Genetic and environmental drivers of large-scale epigenetic variation in Thlaspi arvense

Abstract

Natural plant populations often harbour substantial heritable variation in DNA methylation. However, a thorough understanding of the genetic and environmental drivers of this epigenetic variation requires large-scale and high-resolution data, which currently exist only for a few model species. Here, we studied 207 lines of the annual weed Thlaspi arvense (field pennycress), collected across a large latitudinal gradient in Europe and propagated in a common environment. By screening for variation in DNA sequence and DNA methylation using whole-genome (bisulfite) sequencing, we found significant epigenetic population structure across Europe. Average levels of DNA methylation were strongly context-dependent, with highest DNA methylation in CG context, particularly in transposable elements and in intergenic regions. Residual DNA methylation variation within all contexts was associated with genetic variants, which often co-localized with annotated methylation machinery genes but also with new candidates. Variation in DNA methylation was also significantly associated with climate of origin, with methylation levels being lower in colder regions and in more variable climates. Finally, we used variance decomposition to assess genetic versus environmental associations with differentially methylated regions (DMRs). We found that while genetic variation was generally the strongest predictor of DMRs, the strength of environmental associations increased from CG to CHG and CHH, with climate-of-origin as the strongest predictor in about one third of the CHH DMRs. In summary, our data show that natural epigenetic variation in Thlaspi arvense is significantly associated with both DNA sequence and environment of origin, and that the relative importance of the two factors strongly depends on the sequence context of DNA methylation. T. arvense is an emerging biofuel and winter cover crop; our results may hence be relevant for breeding efforts and agricultural practices in the context of rapidly changing environmental conditions.

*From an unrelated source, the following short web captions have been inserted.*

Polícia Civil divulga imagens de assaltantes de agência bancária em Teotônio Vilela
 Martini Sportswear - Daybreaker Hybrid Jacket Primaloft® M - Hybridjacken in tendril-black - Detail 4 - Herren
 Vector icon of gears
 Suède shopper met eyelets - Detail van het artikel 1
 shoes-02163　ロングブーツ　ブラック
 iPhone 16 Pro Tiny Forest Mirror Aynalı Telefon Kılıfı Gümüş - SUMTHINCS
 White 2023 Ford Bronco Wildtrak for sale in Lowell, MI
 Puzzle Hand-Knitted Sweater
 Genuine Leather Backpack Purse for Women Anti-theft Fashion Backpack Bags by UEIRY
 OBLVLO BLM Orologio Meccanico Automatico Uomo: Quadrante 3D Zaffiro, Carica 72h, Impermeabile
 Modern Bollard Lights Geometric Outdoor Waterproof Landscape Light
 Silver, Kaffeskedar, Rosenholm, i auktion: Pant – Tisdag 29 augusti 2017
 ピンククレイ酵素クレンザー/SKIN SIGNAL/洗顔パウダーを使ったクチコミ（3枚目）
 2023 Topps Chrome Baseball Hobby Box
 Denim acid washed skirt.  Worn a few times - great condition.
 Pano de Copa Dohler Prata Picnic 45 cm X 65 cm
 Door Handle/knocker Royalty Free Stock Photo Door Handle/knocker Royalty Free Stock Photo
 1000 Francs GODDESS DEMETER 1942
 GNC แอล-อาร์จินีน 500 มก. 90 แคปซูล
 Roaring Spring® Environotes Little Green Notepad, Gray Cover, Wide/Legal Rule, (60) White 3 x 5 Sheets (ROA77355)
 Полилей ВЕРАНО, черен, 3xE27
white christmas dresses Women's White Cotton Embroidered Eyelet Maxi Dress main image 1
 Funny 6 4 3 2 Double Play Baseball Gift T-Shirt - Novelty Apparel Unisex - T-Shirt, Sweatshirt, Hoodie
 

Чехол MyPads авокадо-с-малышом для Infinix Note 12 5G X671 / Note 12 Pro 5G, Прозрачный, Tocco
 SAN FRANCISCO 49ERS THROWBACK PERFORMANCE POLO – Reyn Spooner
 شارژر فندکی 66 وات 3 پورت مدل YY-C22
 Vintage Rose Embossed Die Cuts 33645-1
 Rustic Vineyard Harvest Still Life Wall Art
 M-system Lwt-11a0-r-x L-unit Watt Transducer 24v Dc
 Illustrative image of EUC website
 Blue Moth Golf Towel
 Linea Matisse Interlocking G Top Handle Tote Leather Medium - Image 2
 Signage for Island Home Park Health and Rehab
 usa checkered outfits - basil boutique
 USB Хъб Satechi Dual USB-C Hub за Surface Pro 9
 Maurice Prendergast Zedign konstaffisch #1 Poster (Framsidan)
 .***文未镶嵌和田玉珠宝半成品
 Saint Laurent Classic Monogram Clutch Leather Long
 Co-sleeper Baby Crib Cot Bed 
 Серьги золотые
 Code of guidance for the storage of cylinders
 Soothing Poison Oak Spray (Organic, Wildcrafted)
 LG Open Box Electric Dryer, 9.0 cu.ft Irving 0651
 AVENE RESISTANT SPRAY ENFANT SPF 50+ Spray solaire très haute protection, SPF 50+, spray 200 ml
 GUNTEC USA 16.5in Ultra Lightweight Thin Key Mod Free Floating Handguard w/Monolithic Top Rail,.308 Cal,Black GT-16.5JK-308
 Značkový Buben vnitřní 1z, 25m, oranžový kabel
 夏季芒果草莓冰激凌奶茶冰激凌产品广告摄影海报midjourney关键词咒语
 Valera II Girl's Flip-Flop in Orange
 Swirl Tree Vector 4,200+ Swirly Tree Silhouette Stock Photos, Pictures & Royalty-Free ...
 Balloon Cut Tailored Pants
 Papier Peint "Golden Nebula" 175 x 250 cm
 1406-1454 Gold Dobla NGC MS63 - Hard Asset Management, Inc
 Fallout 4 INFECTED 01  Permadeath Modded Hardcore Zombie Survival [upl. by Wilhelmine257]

Fig 1. Geographic distribution and population structure of the 207 sampled Thlaspi arvense lines.

(A) Geographic locations of the 36 populations. The background colours are gridded satellite data of average daily temperature (T.) from the Copernicus programme [44]. (B) PCA plots of all 207 lines based on DNA sequence (“Genetic”) and DNA methylation in different sequence contexts (“mCG”, “mCHG” and “mCHH”).

Fig 2. Average methylation and distributions of methylation values for different sequence contexts and genomic features in T. arvense.

(A) Weighted average methylation levels of genomic features; violin plots represent variation between lines. (B) Distributions of individual methylation values for coding sequences (CDS), promoters and transposable elements (TEs) obtained averaging across all 207 lines.

Fig 3. Genome-wide association analyses for genetic control of average DNA methylation.

We show only the results for intergenic methylation; for full results see S3 Fig. (A) Manhattan plots, with the top variants labelled with the neighbouring genes potentially affecting methylation. The genome-wide significance (horizontal red lines), was calculated based on unlinked variants as in Sobota et al. (2015) [49], the suggestive-line (blue) corresponds to–log(p) = 5. (B) Corresponding to each Manhattan plot on the left, enrichment of a priori candidates and expected false discovery rates (both as in Atwell et al. 2010 [50]) for stepwise significance thresholds. (C) The allelic effects of the red-marked variants in the corresponding Manhattan plots on the left, with genotypes on the x-axes and the average methylation on the y-axes. (D) The candidate genes marked in panel A, their putative functions and distances to the top variant of the neighbouring peaks. Bold font indicates a priori candidates that were included in the enrichment analyses.

Fig 4. Climate-methylation associations.

A Heatmap of the correlations between mean methylation and different climatic variables (Precip: precipitation; Temp: temperature), separately for different sequence contexts and genomic features (prom: promoter; interg: intergenic; TEs: Transposable Elements; CDS: coding sequences). Both rows and columns are clustered by their multivariate similarity in association patterns.

Fig 5. Genetic versus environmental predictors of DMR variance.

(A) The variance in DMR weighted methylation explained by genetic similarity in cis, genetic similarity in trans and climatic similarity, averaged across all DMRs. (B) The number of DMRs identified in different genomic features and sequence contexts, and (C) the fractions of these individual DMRs where cis-variation, trans-variation or climatic variation are the major predictors. DMRs where none of the three predictors explained >10% of the variance are classified as “unexplained”.